3. In the management and development of human capital, companies must recognize which talents are assets and which are not – and focus and amass these talents where needed either by hiring or by teaching.
  • Not all skills are equal. There are three kinds of talents and skills: commodity (not specific to any company), leveraged (while not specific, it is more valuable to a company than to another), and proprietary (company-specific talents on which the business is built on).
4. Structural capital is the intangible asset companies own outright and can easily manage and control, but is what customer cares least about.
  • Structural capital is composed of assets for the sharing, transporting and leveraging of knowledge, turning individual know-how into group property.  The management of intellectual capital requires structuring and packaging of competencies through technology, knowledge databases, process descriptions, manuals, networks, etc. – which form part of the company’s structural assets.
  • Knowledge to stock: corporate yellow pages, lessons learned, and competitors’ intelligence.
5. Two purposes of structural capital: (1) amass stockpiles of knowledge that support the work customers value, (2) speed intra-company information flow.

6. Information and knowledge can and should substitute for expensive physical and financial assets.  However, passion for the value of intellectual capital must not come at the expense of the basic principles of management.

7. Knowledge work is custom work.  Create special relationships.  Avoid mass-produced solutions and possible information overload.

8. When information is power, power flows downstream toward the customer.  The customer today can call the tune because he knows the score.  The challenge is to enable your company into knowing what happens at the customers’ end – reanalyzing the value chain of the industry you are in.

  • Managing customer capital includes considering electronic data interchange, buyer-supplier partnerships, business-to-business interface, and other supply-chain management techniques.
  • How to invest in customer capital:
    • Innovate with customers
    • Empower your customers
    • Focus on your customers as individuals
    • Share the winnings with your customers
    • Learn your customer’s business and teach her yours
    • Become indispensable
9. Focus on the flow of information, not on the flow of materials.
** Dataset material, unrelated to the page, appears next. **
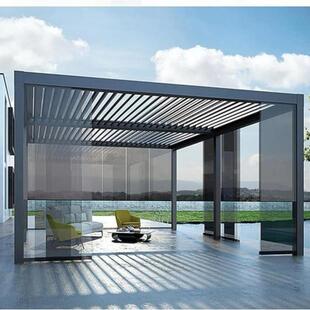 户外凉棚休闲亭子凉亭顶部百叶防水遮阳铝合金凉棚庭院花园后院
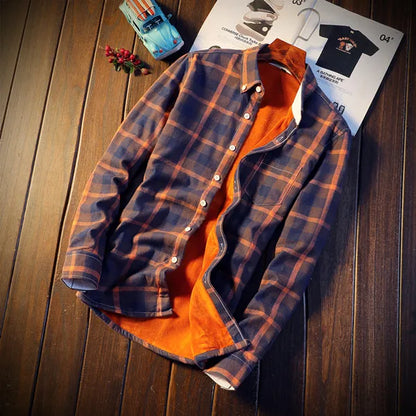Camisa Masculina  Men Plaid Flannel Shirts Mens Casual Autumn Winter Spring Thick Warm Fleece Cotton Long Sleeve Shirt MCS06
It used to be that information supported the real business, now it is the real business.

10. Human, structural and customer capital work together.

  • Intellectual capital is created from the interplay among human capital, structural capital and customer capital.
  • Human capital and structural capital reinforce each other when a company has a shared sense of purpose combined with an entrepreneurial spirit.  The two destroys each other when most of what goes on is not valued by customers, or when company center attempts to control behavior rather than strategy.
  • Human capital and customer capital grow when individuals feel responsible for their part in the enterprise, interact directly with customers, and know what knowledge and skills customers expect and value.
  • Customer capital and structural capital grow when there is mutual learning amongst company and customers and when they strive to make their interactions informal.